CompaniesPREMIUM

Aveng finally finds a home for Trident Steel

The business has been bought by a new consortium known as Trident Steel Africa

Aveng CEO Sean Flanagan. Picture: SUPPLIED
Aveng CEO Sean Flanagan. Picture: SUPPLIED

Infrastructure and mining services group Aveng has entered into a sale agreement to dispose of the last remaining significant asset that formed part of a disposal strategy dating back to 2018, Trident Steel, for R700m. 

The deal, which still requires regulatory and shareholder approval, will see Aveng finally rid itself of the noncore asset to focus on its key businesses.

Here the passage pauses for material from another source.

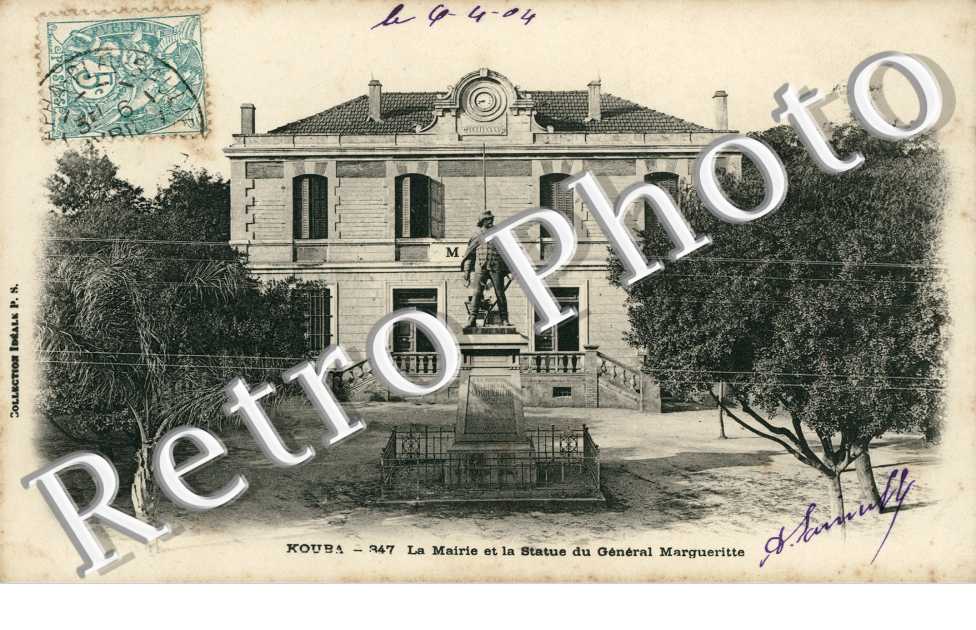 La mairie et la statue du general Margueritte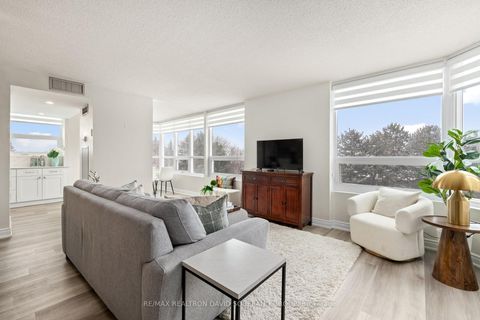 Photo 7 at 315 - 7601 Bathurst Street, Beverley Glen, Vaughan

“This is the last big piece of our strategy jigsaw that will fall into place,” Aveng CEO Sean Flanagan told Business Day.

“But in fairness, we have got a much better price, a much better deal all round than any of the potential offers that we got previously,” he said, adding that Aveng was “delighted” that Trident’s management would now become part of the ownership.

The business has been bought by a new consortium known as Trident Steel Africa, which was specifically formed for the acquisition.

It comprises local and US private capital, including US-based private equity firm Ambassador Enterprises, Joseph Investments, Arbor Capital Investments and Trident Steel management.

Trident, which focuses on supplying steel products to the automotive, rail and mining industries, had a net asset value of R409m as of June 30, recording an operating profit of R220m and earnings after tax of R81m in the year leading up to that date.

Flanagan said the finalisation of the deal was crucial as it provided certainty to the original equipment manufacturing (OEMs) including Ford, Toyota, Isuzu and VW, and clarity to the staff, who have had insecurity about the future owners of the business.

The CEO said the R1.9bn JSE-listed company would settle all of its remaining bank debt while the group will retain all cash that was in the business on June 30.

“The settlement of our legacy debt will enhance our liquidity and improve balance sheet strength,” he said. “Settling the SA legacy debt brings to a close a difficult chapter in Aveng’s history and we look forward to turning our attention to our growth agenda.”  

External legacy debt reduced from R879m to R481m in the 2022 financial year, with the group slashing it even further by R75m in the three months to September to R406m.

Aveng said it would now focus on its two cash-generative core businesses, McConnell Dowell, a major engineering, construction and maintenance contractor operating in the building, infrastructure and resources sectors in Australia, New Zealand, the Pacific Islands, Southeast Asia and the Middle East.

The second is Moolmans, a local-based leader in open-cut contract mining across Africa.

“Aveng is now in really good shape,” said Flanagan. “We will have a really strong balance sheet once this debt is settled.”

Major shareholders of the Johannesburg-based firm include Highbridge Capital Management, Whitebox Advisors, Steyn Capital, Absa, Standard Bank, Investec, FirstRand Retirement Fund and Rand Merchant Bank.

Aveng’s share price rose 2.94% to R15.75 on Tuesday, having dropped a little over 40% since the start of the year.